Franciscan Alliance’s Northern Indiana Region hospitals have developed patient care practices and evidence-based protocols that have reduced sepsis mortality rates far below the national average.
The effort is part of collaboration with the Northwest Indiana Patient Safety Coalition that focuses on the enhancement of patient safety and care, through such programs as the early identification and treatment of sepsis.
“Franciscan Alliance’s efforts in this area are saving lives,” said Laura Dosen, Franciscan Alliance regional business transformation specialist, who is among those involved in its campaign to decrease the mortality rates.
National mortality rates related to sepsis range from 26 percent to 40 percent, according to the Journal of Critical Care Medicine. Franciscan Alliance’s Northern Indiana Region hospitals’ sepsis rates for 2013 and 2014 were 18.45 percent.
Franciscan Alliance follows guidelines established by the national Surviving Sepsis Campaign in its effort to combat the condition, which, if left untreated, can lead to shock, severe organ damage and possibly death.
Sepsis, which is caused by the body having an overwhelming immune system response to infection, is reported to be the 10th-leading cause of death in the U.S. The risk of mortality is reported to increase by 7.6 percent for every hour treatment is delayed, once sepsis is identified.
Patients admitted to Franciscan Alliance’s local hospitals, which include Franciscan St. Anthony Health-Michigan City, Franciscan St. Anthony Health-Crown Point, Franciscan St. Margaret Health-Dyer and Hammond, and Franciscan Healthcare-Munster, are screened for sepsis. They then are monitored through their hospitalization, which allows for rapid recognition of sepsis and early introduction of treatment, such as intravenous fluids and antibiotics that are included in evidence-based physician order sets.
Statistics show that more than 1 million people nationwide are hospitalized for sepsis every year. Those aged 65 and older are considered to be at higher risk for hospitalization due to sepsis.

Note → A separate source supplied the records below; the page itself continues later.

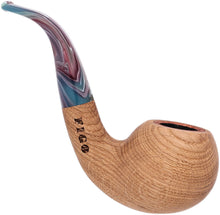 Load image into Gallery viewer, Vauen Figo, Brushed 178 (9mm)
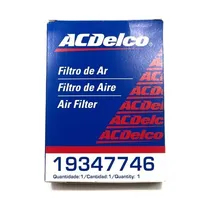 Comprar Filtro De Aire Acdelco Original Suzuki Fun Celta Prisma 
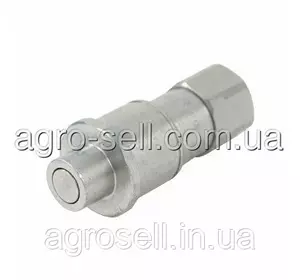 Муфта быстроразъемная мама (3/4"-1905 мм) (AH171017) JD620/622/625/630/9680WTS (A&I) AH225668 Муфта быстроразъемная мама (3/4"-1905 мм) (AH171017) JD620/622/625/630/9680WTS (A&I) AH225668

People who show signs of a severe infection, such as high fever, altered mental status, confusion and lethargy, should get medical attention quickly.
Other sepsis symptoms include shivering, extreme pain-discomfort, pale or discolored skin and shortness of breath.
“Franciscan Alliance recognizes the clock is ticking with a diagnosis of sepsis,” Dosen said, adding, “Our facilities continue to be diligent in their screenings and aggressive in treatment of identified sepsis patients. We know our patients’ lives depend on it.”